This question, to my knowledge, is only applicable to Rocket Lab's Electron, pressure-fed engines that use non-hypergolic fuels, and other engine cycles that don't use a fuel/oxygen-rich preburner. My question is why can't someone like Rocket Lab store both LOX and RP-1 together in one common tank in a premixed ratio? I understand in something like a Falcon 9 it would at least be necessary to supply more fuel to the preburner but in something like the Electron that uses an electric turbopump that requires no preburner why couldn't both the oxidizer and fuel not be stored together? Intuitively, this would remove the hefty weight of tank bulkhead(s) that divide the oxidizer and fuel tanks and make your injector(s) much more simple.
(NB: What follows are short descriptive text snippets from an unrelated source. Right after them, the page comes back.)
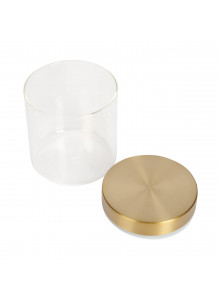 MasterClass Airtight Small Glass Food Storage Jar with Brass Lid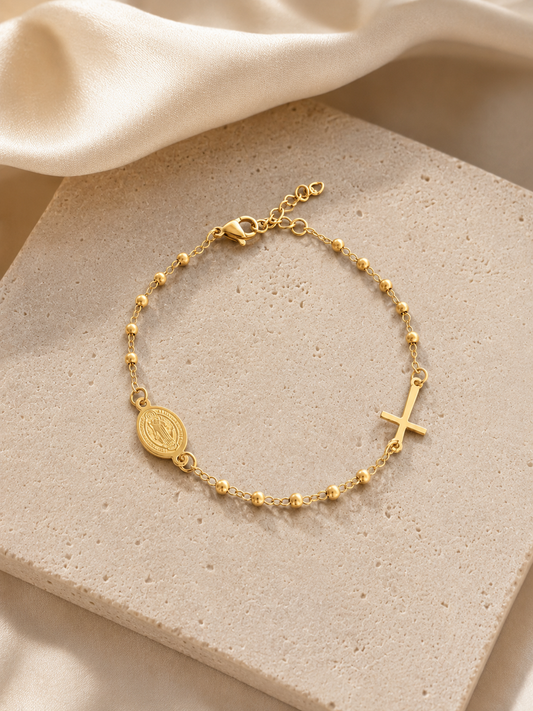Maria Kreuz Armband Gold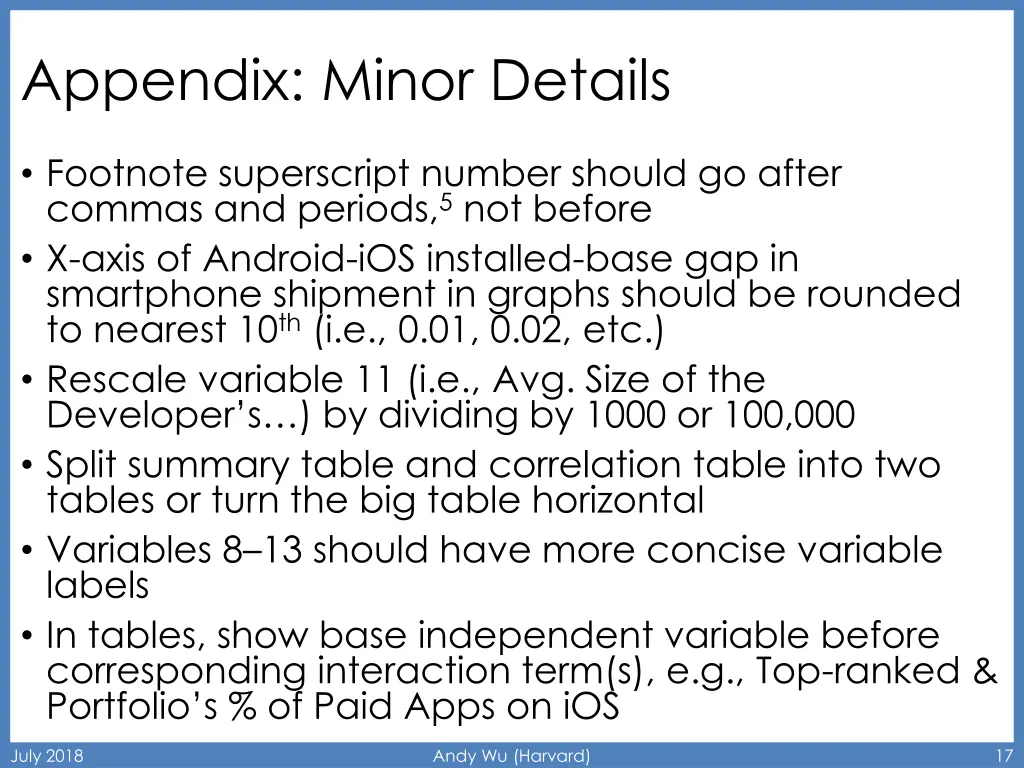 appendix minor details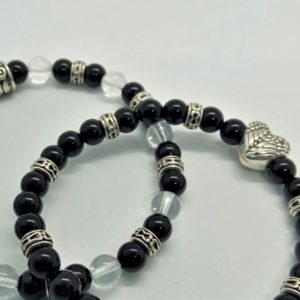bracelets duo agate noire et cristal de roche aile coeur protection énergie spiritualité1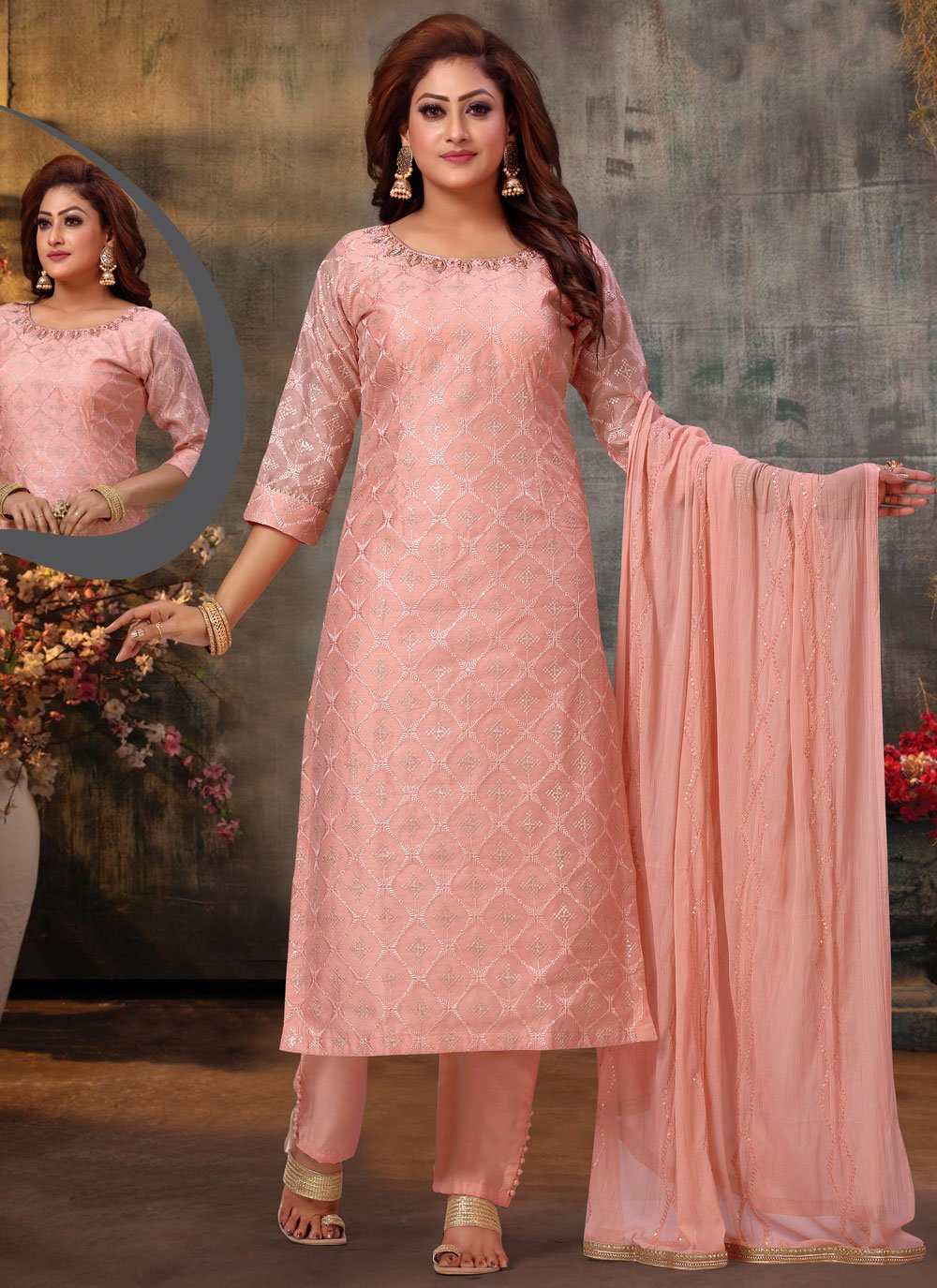 Embroidered Pink Designer Straight Suit 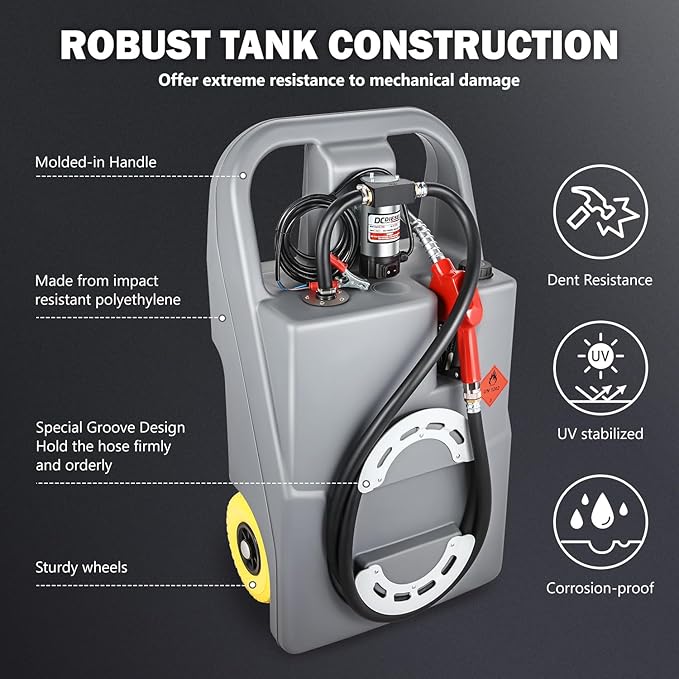 DNA MOTORING Portable Fuel Tank Caddy 26 Gallon 100L 12V Diesel Transfer Unit for Cars Trucks Lawn Mowers ATVs Boats,Grey,TOOLS-00303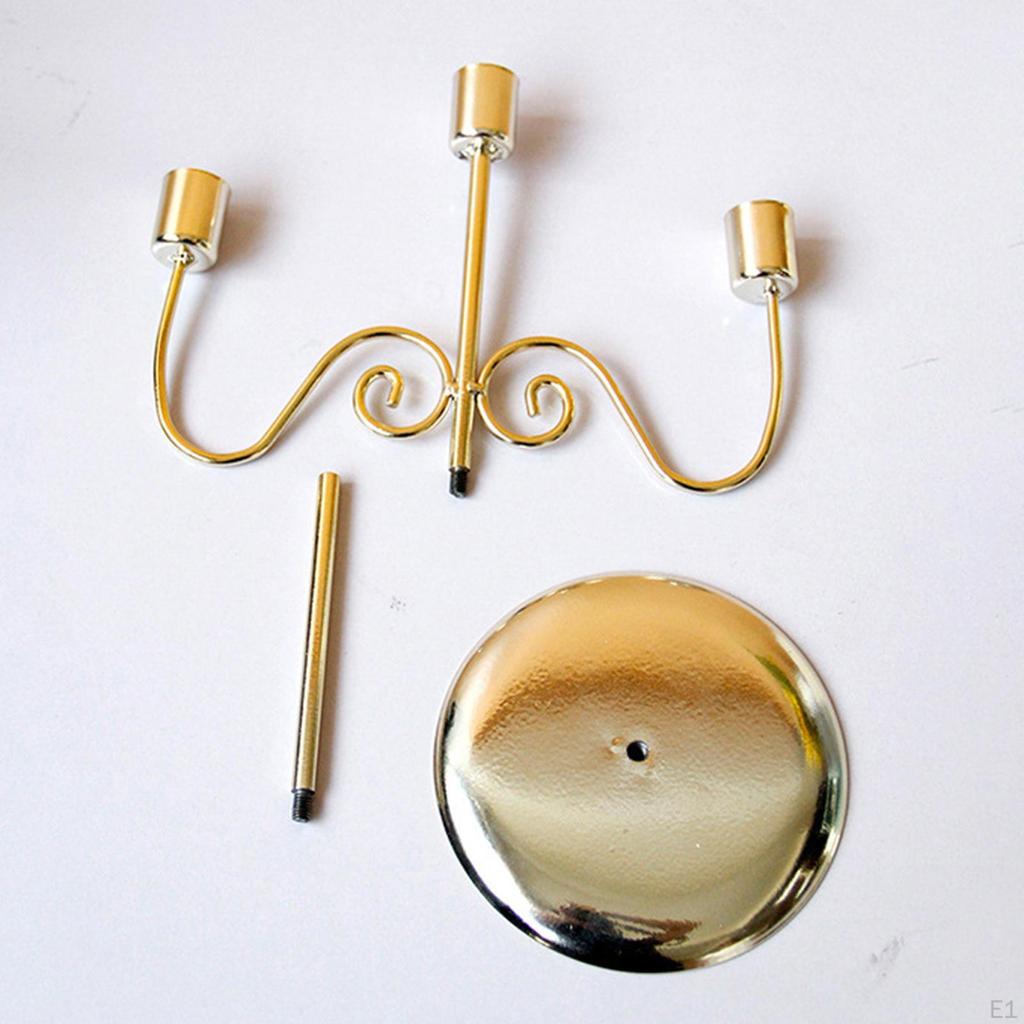 Candle Holder for Taper Candles, 3 Arms Candelabra Candlesticks Anniversary Living Room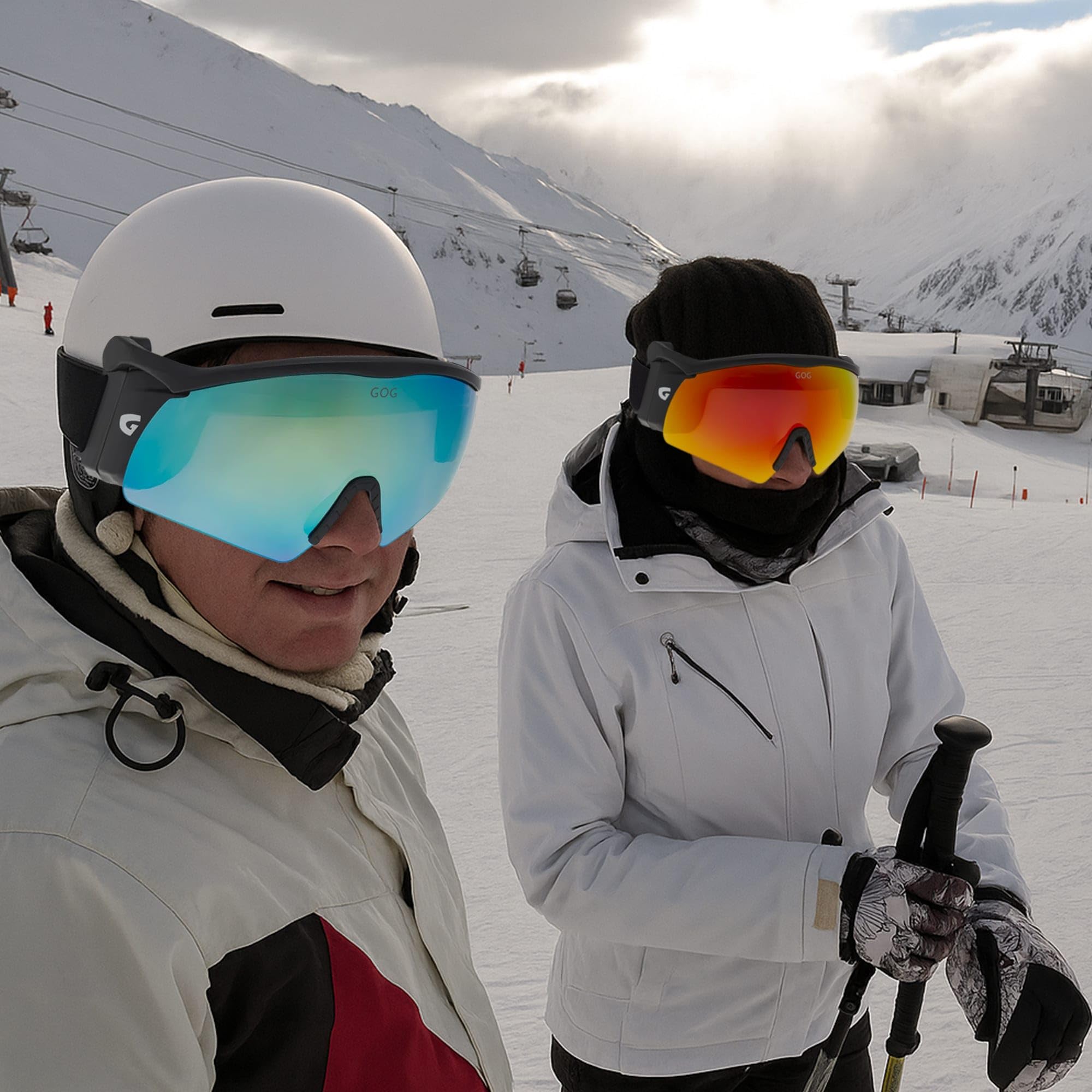 GOG - Lunettes de ski de fond UV400 anti-buée pour homme et femme pour sports d'hiver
As Organic Marble hints, there is about 140 degrees Celsius between kerosene's freezing point and oxygen's boiling point; there's no temperature at which both are liquid.
Even if the propellants were more thermally compatible, putting your fuel and oxidizer in the same tank is a really dangerous idea. Typically, propellant tanks are pressurized with helium or nitrogen -- nonreactive gasses -- so that any spark in the tank won't start a fire. With both oxygen and kerosene readily available in the same space, the tank is a bomb waiting to go off.
While mass ratios are very important to overall rocket performance, safety is more important.
Because it will almost certainly go KABOOM.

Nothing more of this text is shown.